The name indicated the region of the country served. The term “Limited” was commonly associated with American passenger trains.

The Southwest Limited still had a strong Santa Fe flavor with its ex-AT&SF Hi-Level coaches, diners and lounges along with single-level sleeping cars. A typical consist during the mid-1970s was 15 to 18 cars in the summer. By 1975, the consist had shrunk to 15 to 16 cars with as few as two Hi-Level coaches and two sleepers.

By 1980, the Southwest Limited had a usual consist of 10 cars, including three coaches, three sleepers and a Hi-Level diner-lounge. Two coaches and a sleeper were added during peak travel periods. Dome cars had vanished from the consists.

Trains were pulled by two and sometimes three SDP40F locomotives. Although the burly SDP40Fs had drawn scorn from other railroads, Santa Fe never had issues with them.

The Southwest Limited began to be assigned Superliner equipment in late October 1980. It was the last Chicago-based train to operate with steam-heated passenger cars. Even after the assignment of Superliner equipment was completed a month later, the Southwest Limited continued to have Hi-Level coaches that been modified to be compatible with Superliner equipment and head-end power.

The Southwest Limited was the subject of a few route restructuring proposals in the late 1970s.

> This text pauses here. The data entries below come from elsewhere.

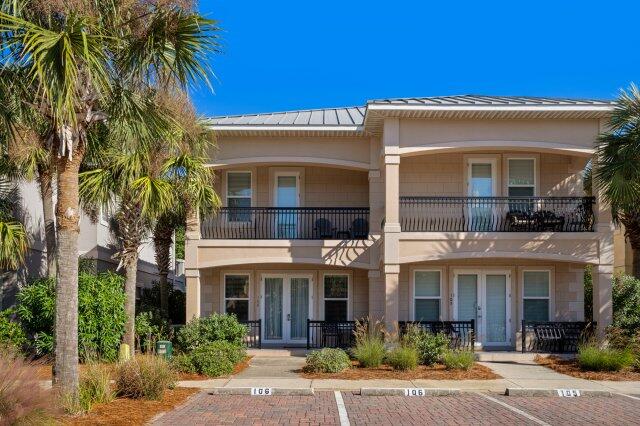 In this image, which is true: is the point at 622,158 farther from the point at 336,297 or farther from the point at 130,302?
the point at 130,302

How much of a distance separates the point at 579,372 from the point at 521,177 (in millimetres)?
7057

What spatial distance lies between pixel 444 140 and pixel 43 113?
1212 centimetres

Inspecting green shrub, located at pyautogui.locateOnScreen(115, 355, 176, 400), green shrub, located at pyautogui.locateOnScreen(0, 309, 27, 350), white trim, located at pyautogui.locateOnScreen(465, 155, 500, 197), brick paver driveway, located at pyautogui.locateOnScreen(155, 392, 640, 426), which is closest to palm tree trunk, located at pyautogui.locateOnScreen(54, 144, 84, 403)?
green shrub, located at pyautogui.locateOnScreen(115, 355, 176, 400)

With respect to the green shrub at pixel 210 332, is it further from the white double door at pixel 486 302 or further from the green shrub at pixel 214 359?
the white double door at pixel 486 302

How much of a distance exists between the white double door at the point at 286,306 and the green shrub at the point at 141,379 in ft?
35.7

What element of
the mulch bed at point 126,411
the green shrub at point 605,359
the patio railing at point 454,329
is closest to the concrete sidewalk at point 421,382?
the green shrub at point 605,359

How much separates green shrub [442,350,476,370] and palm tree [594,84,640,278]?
17.5 ft

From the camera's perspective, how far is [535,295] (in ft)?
74.3

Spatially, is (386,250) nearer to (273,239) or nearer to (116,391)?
(273,239)

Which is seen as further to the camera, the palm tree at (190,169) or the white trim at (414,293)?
the white trim at (414,293)

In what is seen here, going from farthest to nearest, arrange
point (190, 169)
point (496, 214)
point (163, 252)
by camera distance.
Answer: point (163, 252) → point (496, 214) → point (190, 169)

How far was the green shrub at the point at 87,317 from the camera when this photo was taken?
1738 centimetres

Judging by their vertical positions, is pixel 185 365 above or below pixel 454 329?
below

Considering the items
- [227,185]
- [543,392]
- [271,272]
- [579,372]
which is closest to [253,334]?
[271,272] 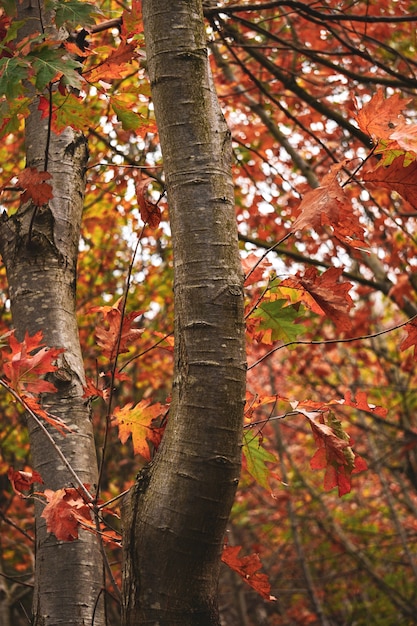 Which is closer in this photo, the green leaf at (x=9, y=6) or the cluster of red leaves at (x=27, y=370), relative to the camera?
the cluster of red leaves at (x=27, y=370)

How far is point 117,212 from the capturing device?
531cm

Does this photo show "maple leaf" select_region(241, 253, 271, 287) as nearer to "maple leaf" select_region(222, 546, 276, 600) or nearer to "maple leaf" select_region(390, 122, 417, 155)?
"maple leaf" select_region(390, 122, 417, 155)

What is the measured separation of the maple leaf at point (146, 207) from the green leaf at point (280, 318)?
1.21 feet

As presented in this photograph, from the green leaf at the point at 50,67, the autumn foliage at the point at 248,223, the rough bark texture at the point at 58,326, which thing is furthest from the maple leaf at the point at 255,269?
the green leaf at the point at 50,67

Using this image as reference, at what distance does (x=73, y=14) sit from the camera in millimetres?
1417

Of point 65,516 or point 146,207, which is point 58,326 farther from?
point 65,516

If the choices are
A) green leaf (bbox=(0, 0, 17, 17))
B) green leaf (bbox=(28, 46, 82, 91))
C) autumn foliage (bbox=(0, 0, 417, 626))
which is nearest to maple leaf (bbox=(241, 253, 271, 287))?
autumn foliage (bbox=(0, 0, 417, 626))

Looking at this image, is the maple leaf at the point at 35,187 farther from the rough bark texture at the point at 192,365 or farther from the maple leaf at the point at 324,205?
the maple leaf at the point at 324,205

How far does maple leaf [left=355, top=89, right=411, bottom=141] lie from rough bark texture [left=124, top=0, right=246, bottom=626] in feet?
1.01

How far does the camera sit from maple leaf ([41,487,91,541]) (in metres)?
1.23

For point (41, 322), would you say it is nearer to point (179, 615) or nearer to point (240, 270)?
point (240, 270)

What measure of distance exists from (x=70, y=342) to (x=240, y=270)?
2.46 ft

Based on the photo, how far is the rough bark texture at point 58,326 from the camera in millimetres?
1438

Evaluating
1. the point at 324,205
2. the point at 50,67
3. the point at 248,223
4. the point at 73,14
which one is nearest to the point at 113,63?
the point at 73,14
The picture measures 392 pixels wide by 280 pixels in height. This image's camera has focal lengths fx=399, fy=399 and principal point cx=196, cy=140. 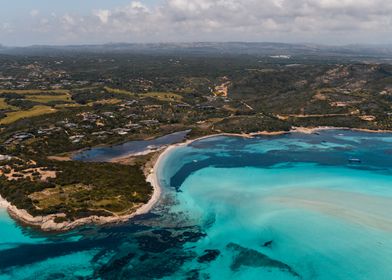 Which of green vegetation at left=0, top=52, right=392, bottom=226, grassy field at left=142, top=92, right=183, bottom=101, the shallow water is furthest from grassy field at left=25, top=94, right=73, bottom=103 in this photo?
the shallow water

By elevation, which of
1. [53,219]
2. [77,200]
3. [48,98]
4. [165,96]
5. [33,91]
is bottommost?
[53,219]

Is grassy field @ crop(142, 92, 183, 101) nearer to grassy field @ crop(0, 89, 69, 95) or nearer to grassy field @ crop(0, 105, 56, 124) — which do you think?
grassy field @ crop(0, 89, 69, 95)

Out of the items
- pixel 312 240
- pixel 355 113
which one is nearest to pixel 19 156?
pixel 312 240

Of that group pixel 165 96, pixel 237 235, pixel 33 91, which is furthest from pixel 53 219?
pixel 33 91

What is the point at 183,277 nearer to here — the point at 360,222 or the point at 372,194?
the point at 360,222

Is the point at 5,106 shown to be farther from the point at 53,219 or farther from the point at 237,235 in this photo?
the point at 237,235

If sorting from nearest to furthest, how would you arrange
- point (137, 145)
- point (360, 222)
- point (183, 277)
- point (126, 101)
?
point (183, 277)
point (360, 222)
point (137, 145)
point (126, 101) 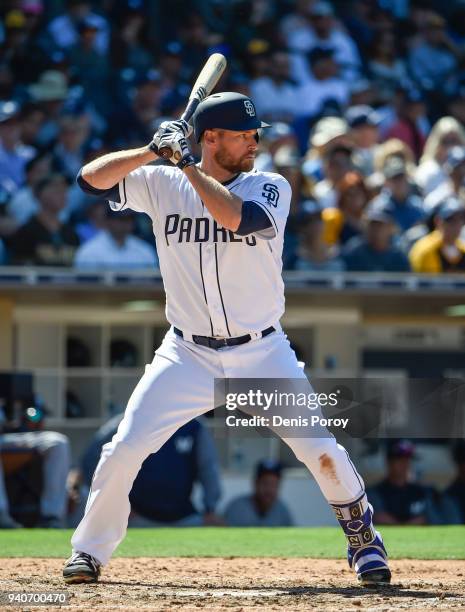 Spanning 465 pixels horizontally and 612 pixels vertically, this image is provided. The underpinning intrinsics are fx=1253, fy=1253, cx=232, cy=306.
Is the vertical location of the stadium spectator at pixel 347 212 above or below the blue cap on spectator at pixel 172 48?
below

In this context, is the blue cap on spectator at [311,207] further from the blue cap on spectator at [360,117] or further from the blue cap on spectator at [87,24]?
the blue cap on spectator at [87,24]

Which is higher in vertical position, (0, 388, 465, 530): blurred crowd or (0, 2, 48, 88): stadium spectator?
(0, 2, 48, 88): stadium spectator

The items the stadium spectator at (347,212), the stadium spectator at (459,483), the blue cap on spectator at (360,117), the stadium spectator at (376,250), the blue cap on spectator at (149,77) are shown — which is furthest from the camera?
the blue cap on spectator at (149,77)

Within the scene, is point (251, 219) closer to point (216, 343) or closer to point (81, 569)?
point (216, 343)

One would have extended the Southwest Limited from Los Angeles to San Francisco in response to ending the San Francisco Zephyr.

A 1978 U.S. Department of Transportation preliminary plan called for creating a Denver section of the Southwest Limited that would have diverged at La Junta, Colorado, and an Oakland section that would have diverged at Barstow, California.  The San Francisco Zephyr would have been discontinued.

The 1979 final DOT recommendation called for ending the Southwest Limited, rerouting the San Francisco Zephyr onto Santa Fe between Chicago and Kansas City, and creating a Los Angeles section of the Zephyr that would have diverged at Ogden, Utah.

The Southwest Limited emerged from the restructuring intact, but in response to the discontinuance of the Chicago-Houston Lone Star, Nos. 3 and 4 were rerouted between Kansas City and Newton, Kansas, to operate via Lawrence and Topeka, Kansas. The latter two cities had been served by the Lone Star whereas the Southwest Limited had operated via Olathe, Kansas.

The Southwest Limited was an attractive and well-kept train that offered above average meal service and comfortable accommodations. But the service quality that that Santa Fe had taken great pride in offering was a thing of the past.

As Santa Fe President John S. Reed had feared, Amtrak’s reduction of  lounge and dining car capacity sometimes led to lines waiting to be seated in the diner.

Nos. 3 and 4 had taken on an Amtrak identify that was far more austere than what the Santa Fe once offered aboard the Super Chief or El Capitan.

The Superliner equipment that Amtrak assigned to the train in the early 1980s impressed Santa Fe management enough to persuade them to relent and allow Amtrak to use in part the venerable Santa Fe “Chief” name.

The Southwest Limited proved to be a bridge spanning the end of the Santa Fe era and the dawn of the Superliner era at Amtrak.

Unlike most railroads that joined Amtrak, the Santa Fe did so grudgingly. Whereas most railroads couldn’t hand over their passenger trains fast enough, the Santa Fe debated staying out of Amtrak. It might have done so had it been given a free hand in deciding which trains it could keep and which it would discontinue forthwith.

But the law creating Amtrak didn’t allow those terms so rather than face mounting losses through 1975, Santa Fe signed on.

Given the intense pride that Santa Fe continued to have in its passenger train tradition, it was inevitable that it would clash with an organization that saw passenger service through different eyes.

The Southwest Limited operated during the transition period in Santa Fe management from a generation that was emotionally vested in the railroad’s service history to another that viewed that tradition from further afield and less attachment.

Yet it was that new generation that ultimately agreed to allow Amtrak to honor the Santa Fe tradition in the name of its primary Chicago-Los Angeles train.

In that regard the Southwest Limited era served the interests of everyone involved quite well.